Exercise details – Copy out, exactly and with nothing else, the stretch of lines that starts at the line containing "GOYARD SAINT LOUIS GM 40CM BLACK CANVAS" and finishes at the end of the data.

Record extracts –
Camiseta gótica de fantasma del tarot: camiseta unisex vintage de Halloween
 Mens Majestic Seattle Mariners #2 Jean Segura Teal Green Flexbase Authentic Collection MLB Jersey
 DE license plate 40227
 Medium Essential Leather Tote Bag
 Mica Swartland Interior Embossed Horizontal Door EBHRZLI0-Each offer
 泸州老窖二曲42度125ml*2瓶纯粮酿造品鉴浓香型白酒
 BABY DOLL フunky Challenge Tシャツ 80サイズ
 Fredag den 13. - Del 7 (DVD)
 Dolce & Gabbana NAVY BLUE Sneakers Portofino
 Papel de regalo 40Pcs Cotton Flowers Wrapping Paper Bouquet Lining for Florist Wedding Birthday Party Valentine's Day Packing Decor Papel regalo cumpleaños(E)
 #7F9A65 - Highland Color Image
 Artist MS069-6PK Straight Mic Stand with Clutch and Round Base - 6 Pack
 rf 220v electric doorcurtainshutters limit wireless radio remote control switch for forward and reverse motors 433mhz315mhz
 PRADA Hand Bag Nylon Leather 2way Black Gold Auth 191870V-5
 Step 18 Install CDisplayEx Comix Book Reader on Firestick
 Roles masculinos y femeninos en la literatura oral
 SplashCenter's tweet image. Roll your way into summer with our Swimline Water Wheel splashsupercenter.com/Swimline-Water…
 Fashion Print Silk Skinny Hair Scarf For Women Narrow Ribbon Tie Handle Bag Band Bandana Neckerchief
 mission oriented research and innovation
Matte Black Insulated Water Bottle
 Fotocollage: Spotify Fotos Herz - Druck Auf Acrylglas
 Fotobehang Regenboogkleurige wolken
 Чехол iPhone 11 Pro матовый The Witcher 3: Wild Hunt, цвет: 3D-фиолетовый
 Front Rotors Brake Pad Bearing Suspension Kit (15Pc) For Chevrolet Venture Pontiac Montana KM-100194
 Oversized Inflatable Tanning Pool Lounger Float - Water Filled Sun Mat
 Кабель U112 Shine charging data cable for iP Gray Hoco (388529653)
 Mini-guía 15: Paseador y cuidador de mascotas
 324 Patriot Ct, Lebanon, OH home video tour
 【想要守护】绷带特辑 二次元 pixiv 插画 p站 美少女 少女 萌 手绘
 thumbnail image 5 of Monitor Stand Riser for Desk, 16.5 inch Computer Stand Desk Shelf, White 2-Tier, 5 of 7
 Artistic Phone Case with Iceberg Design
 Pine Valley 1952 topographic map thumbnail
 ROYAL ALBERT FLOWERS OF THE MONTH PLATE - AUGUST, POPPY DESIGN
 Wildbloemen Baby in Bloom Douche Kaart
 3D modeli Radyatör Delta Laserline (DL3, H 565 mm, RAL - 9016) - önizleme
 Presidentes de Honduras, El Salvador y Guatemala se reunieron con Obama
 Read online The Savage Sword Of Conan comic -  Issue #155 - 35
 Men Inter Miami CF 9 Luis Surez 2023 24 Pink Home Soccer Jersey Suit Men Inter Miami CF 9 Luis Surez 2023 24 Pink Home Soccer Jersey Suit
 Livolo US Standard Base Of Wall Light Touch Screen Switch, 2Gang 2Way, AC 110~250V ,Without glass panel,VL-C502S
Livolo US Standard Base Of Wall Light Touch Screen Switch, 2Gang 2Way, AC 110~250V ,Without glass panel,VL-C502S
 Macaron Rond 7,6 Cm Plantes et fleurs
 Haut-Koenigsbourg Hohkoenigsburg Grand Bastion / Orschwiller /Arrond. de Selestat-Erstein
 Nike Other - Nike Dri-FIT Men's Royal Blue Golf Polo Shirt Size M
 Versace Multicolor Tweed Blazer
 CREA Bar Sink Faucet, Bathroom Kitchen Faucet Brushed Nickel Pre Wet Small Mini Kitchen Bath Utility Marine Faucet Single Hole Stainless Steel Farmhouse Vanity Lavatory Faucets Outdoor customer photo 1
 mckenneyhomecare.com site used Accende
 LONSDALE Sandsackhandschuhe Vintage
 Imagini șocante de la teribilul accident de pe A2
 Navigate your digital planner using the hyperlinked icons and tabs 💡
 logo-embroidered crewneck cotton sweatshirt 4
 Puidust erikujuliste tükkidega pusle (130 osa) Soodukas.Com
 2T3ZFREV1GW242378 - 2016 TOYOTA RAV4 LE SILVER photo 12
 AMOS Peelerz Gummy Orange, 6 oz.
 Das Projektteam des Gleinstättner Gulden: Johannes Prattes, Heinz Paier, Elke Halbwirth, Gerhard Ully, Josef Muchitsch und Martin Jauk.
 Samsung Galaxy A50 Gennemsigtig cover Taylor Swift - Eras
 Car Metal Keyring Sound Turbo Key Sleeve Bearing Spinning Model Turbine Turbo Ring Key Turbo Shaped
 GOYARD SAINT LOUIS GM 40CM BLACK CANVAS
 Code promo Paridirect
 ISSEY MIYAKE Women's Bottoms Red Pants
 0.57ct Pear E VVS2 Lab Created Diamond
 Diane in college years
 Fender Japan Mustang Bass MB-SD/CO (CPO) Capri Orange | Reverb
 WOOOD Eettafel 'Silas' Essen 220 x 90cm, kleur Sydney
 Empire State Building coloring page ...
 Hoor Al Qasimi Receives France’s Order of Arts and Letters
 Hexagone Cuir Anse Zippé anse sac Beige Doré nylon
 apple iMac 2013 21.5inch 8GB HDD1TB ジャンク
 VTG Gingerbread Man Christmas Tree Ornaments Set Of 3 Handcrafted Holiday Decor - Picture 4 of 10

Response for this exercise –
 GOYARD SAINT LOUIS GM 40CM BLACK CANVAS
 Code promo Paridirect
 ISSEY MIYAKE Women's Bottoms Red Pants
 0.57ct Pear E VVS2 Lab Created Diamond
 Diane in college years
 Fender Japan Mustang Bass MB-SD/CO (CPO) Capri Orange | Reverb
 WOOOD Eettafel 'Silas' Essen 220 x 90cm, kleur Sydney
 Empire State Building coloring page ...
 Hoor Al Qasimi Receives France’s Order of Arts and Letters
 Hexagone Cuir Anse Zippé anse sac Beige Doré nylon
 apple iMac 2013 21.5inch 8GB HDD1TB ジャンク
 VTG Gingerbread Man Christmas Tree Ornaments Set Of 3 Handcrafted Holiday Decor - Picture 4 of 10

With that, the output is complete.